# What you should do
Reproduce all of the entries below exactly, without a single change.

# Records for the exercise
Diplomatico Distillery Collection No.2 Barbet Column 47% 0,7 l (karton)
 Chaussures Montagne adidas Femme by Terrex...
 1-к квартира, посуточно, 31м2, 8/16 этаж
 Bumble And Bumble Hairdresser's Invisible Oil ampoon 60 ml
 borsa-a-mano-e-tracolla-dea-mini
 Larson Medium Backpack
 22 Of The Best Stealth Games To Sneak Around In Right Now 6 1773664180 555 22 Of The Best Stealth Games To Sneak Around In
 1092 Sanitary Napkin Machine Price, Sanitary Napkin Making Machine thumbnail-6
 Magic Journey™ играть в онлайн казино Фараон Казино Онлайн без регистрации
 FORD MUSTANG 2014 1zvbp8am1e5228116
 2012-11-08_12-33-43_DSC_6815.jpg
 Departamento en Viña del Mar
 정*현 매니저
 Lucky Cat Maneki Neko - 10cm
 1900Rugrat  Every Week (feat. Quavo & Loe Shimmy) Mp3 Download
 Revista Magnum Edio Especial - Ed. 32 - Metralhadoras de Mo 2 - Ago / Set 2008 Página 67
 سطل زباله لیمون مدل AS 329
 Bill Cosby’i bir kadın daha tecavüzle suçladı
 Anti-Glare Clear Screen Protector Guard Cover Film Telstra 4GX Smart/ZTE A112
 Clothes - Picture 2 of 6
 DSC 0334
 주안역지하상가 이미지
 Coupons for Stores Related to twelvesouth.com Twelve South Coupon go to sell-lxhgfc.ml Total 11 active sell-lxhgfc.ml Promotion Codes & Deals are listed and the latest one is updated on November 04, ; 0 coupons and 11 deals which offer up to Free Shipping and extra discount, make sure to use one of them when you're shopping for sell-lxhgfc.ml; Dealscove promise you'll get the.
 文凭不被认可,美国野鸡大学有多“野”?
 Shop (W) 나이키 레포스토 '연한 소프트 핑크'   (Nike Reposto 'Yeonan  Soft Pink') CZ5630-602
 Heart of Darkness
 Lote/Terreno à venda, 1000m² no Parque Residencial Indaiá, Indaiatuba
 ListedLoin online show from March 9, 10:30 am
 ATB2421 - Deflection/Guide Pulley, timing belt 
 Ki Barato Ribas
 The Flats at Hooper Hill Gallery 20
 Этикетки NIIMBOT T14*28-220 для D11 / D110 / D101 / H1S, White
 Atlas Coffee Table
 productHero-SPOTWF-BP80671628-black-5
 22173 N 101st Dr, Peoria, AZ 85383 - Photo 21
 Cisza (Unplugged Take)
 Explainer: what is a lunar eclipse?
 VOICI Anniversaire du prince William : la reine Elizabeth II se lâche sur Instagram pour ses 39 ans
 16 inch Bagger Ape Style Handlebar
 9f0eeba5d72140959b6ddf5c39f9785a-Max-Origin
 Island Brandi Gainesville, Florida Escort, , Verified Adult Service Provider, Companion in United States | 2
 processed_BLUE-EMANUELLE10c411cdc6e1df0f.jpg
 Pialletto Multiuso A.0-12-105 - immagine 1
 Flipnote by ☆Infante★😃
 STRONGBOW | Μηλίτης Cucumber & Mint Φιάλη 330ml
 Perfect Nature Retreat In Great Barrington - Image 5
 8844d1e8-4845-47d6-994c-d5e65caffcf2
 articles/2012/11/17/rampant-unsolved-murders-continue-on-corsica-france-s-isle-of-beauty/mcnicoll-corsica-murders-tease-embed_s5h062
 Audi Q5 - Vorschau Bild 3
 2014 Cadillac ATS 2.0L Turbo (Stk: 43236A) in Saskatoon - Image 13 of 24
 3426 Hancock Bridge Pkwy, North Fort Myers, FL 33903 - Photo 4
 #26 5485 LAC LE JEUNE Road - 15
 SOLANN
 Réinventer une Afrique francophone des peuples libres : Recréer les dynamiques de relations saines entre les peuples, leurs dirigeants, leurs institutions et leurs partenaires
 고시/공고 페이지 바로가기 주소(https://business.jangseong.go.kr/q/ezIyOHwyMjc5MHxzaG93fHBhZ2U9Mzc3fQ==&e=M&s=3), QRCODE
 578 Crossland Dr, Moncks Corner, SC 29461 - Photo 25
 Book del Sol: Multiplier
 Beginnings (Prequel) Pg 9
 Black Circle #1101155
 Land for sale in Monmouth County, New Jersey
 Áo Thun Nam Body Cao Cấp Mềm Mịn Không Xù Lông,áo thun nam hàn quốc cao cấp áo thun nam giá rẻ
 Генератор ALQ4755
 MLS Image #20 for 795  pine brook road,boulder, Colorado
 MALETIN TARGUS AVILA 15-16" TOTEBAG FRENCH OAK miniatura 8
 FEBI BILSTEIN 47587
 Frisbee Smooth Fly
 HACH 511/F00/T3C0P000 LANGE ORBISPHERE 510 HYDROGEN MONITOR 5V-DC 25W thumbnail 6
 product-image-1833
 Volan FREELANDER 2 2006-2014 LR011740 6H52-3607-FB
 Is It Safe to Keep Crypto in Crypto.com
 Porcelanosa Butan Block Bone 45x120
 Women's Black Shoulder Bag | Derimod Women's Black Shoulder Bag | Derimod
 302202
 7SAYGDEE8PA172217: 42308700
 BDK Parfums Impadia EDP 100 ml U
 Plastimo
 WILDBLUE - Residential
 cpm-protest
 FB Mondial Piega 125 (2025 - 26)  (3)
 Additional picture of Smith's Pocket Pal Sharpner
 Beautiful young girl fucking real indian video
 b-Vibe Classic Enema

# Response
Diplomatico Distillery Collection No.2 Barbet Column 47% 0,7 l (karton)
 Chaussures Montagne adidas Femme by Terrex...
 1-к квартира, посуточно, 31м2, 8/16 этаж
 Bumble And Bumble Hairdresser's Invisible Oil ampoon 60 ml
 borsa-a-mano-e-tracolla-dea-mini
 Larson Medium Backpack
 22 Of The Best Stealth Games To Sneak Around In Right Now 6 1773664180 555 22 Of The Best Stealth Games To Sneak Around In
 1092 Sanitary Napkin Machine Price, Sanitary Napkin Making Machine thumbnail-6
 Magic Journey™ играть в онлайн казино Фараон Казино Онлайн без регистрации
 FORD MUSTANG 2014 1zvbp8am1e5228116
 2012-11-08_12-33-43_DSC_6815.jpg
 Departamento en Viña del Mar
 정*현 매니저
 Lucky Cat Maneki Neko - 10cm
 1900Rugrat  Every Week (feat. Quavo & Loe Shimmy) Mp3 Download
 Revista Magnum Edio Especial - Ed. 32 - Metralhadoras de Mo 2 - Ago / Set 2008 Página 67
 سطل زباله لیمون مدل AS 329
 Bill Cosby’i bir kadın daha tecavüzle suçladı
 Anti-Glare Clear Screen Protector Guard Cover Film Telstra 4GX Smart/ZTE A112
 Clothes - Picture 2 of 6
 DSC 0334
 주안역지하상가 이미지
 Coupons for Stores Related to twelvesouth.com Twelve South Coupon go to sell-lxhgfc.ml Total 11 active sell-lxhgfc.ml Promotion Codes & Deals are listed and the latest one is updated on November 04, ; 0 coupons and 11 deals which offer up to Free Shipping and extra discount, make sure to use one of them when you're shopping for sell-lxhgfc.ml; Dealscove promise you'll get the.
 文凭不被认可,美国野鸡大学有多“野”?
 Shop (W) 나이키 레포스토 '연한 소프트 핑크'   (Nike Reposto 'Yeonan  Soft Pink') CZ5630-602
 Heart of Darkness
 Lote/Terreno à venda, 1000m² no Parque Residencial Indaiá, Indaiatuba
 ListedLoin online show from March 9, 10:30 am
 ATB2421 - Deflection/Guide Pulley, timing belt 
 Ki Barato Ribas
 The Flats at Hooper Hill Gallery 20
 Этикетки NIIMBOT T14*28-220 для D11 / D110 / D101 / H1S, White
 Atlas Coffee Table
 productHero-SPOTWF-BP80671628-black-5
 22173 N 101st Dr, Peoria, AZ 85383 - Photo 21
 Cisza (Unplugged Take)
 Explainer: what is a lunar eclipse?
 VOICI Anniversaire du prince William : la reine Elizabeth II se lâche sur Instagram pour ses 39 ans
 16 inch Bagger Ape Style Handlebar
 9f0eeba5d72140959b6ddf5c39f9785a-Max-Origin
 Island Brandi Gainesville, Florida Escort, , Verified Adult Service Provider, Companion in United States | 2
 processed_BLUE-EMANUELLE10c411cdc6e1df0f.jpg
 Pialletto Multiuso A.0-12-105 - immagine 1
 Flipnote by ☆Infante★😃
 STRONGBOW | Μηλίτης Cucumber & Mint Φιάλη 330ml
 Perfect Nature Retreat In Great Barrington - Image 5
 8844d1e8-4845-47d6-994c-d5e65caffcf2
 articles/2012/11/17/rampant-unsolved-murders-continue-on-corsica-france-s-isle-of-beauty/mcnicoll-corsica-murders-tease-embed_s5h062
 Audi Q5 - Vorschau Bild 3
 2014 Cadillac ATS 2.0L Turbo (Stk: 43236A) in Saskatoon - Image 13 of 24
 3426 Hancock Bridge Pkwy, North Fort Myers, FL 33903 - Photo 4
 #26 5485 LAC LE JEUNE Road - 15
 SOLANN
 Réinventer une Afrique francophone des peuples libres : Recréer les dynamiques de relations saines entre les peuples, leurs dirigeants, leurs institutions et leurs partenaires
 고시/공고 페이지 바로가기 주소(https://business.jangseong.go.kr/q/ezIyOHwyMjc5MHxzaG93fHBhZ2U9Mzc3fQ==&e=M&s=3), QRCODE
 578 Crossland Dr, Moncks Corner, SC 29461 - Photo 25
 Book del Sol: Multiplier
 Beginnings (Prequel) Pg 9
 Black Circle #1101155
 Land for sale in Monmouth County, New Jersey
 Áo Thun Nam Body Cao Cấp Mềm Mịn Không Xù Lông,áo thun nam hàn quốc cao cấp áo thun nam giá rẻ
 Генератор ALQ4755
 MLS Image #20 for 795  pine brook road,boulder, Colorado
 MALETIN TARGUS AVILA 15-16" TOTEBAG FRENCH OAK miniatura 8
 FEBI BILSTEIN 47587
 Frisbee Smooth Fly
 HACH 511/F00/T3C0P000 LANGE ORBISPHERE 510 HYDROGEN MONITOR 5V-DC 25W thumbnail 6
 product-image-1833
 Volan FREELANDER 2 2006-2014 LR011740 6H52-3607-FB
 Is It Safe to Keep Crypto in Crypto.com
 Porcelanosa Butan Block Bone 45x120
 Women's Black Shoulder Bag | Derimod Women's Black Shoulder Bag | Derimod
 302202
 7SAYGDEE8PA172217: 42308700
 BDK Parfums Impadia EDP 100 ml U
 Plastimo
 WILDBLUE - Residential
 cpm-protest
 FB Mondial Piega 125 (2025 - 26)  (3)
 Additional picture of Smith's Pocket Pal Sharpner
 Beautiful young girl fucking real indian video
 b-Vibe Classic Enema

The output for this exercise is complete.